The fact that such a large proportion of trait associations in GWAS have occurred outside of previously proposed candidate genes, and in many cases outside of genes altogether, has further emphasizes the futility of investigations focused on individual hypothesis-based candidate genes. That the detection of these associations required in almost all instances samples of several thousand individuals also underscores how severely underpowered most previous association studies had been.

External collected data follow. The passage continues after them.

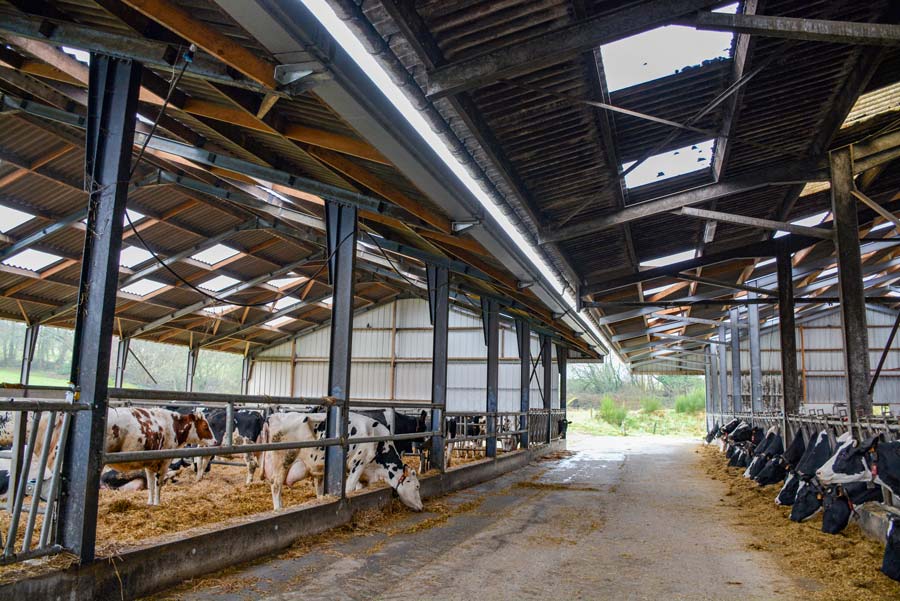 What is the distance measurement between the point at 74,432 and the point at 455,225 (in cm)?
496

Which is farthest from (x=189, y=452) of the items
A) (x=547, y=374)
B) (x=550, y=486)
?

The many common variants now known to be associated with traits such as T2D and obesity reveal only a small proportion of the genetic architecture of these disorders. Intensive efforts are therefore now focused on identifying additional variants associated with these diseases, mainly by applying next-generation sequencing technologies to identify rare base-changes and copy number variants (CNV) which have been barely assayed in standard GWAS approaches. It is also likely that initial analyses of GWAS of these metabolic disorders –as with most current GWAS – have underestimated the contribution of common variants; recent analyses suggest that a substantial proportion of genetic risk for complex traits derives from large numbers of common variants, each of which explains such a minute proportion of variation that its effects do not achieve stringent significance thresholds (Yang et al., 2010). As metabolic disorders will be among the first sets of traits for which comprehensive genetic variation data are available (Mailman et al., 2007) in enormous samples (in some cases over 100,000 individuals), it is likely that they will be the testing ground for a variety of new analysis approaches, e.g. for assaying effects of gene-gene interactions.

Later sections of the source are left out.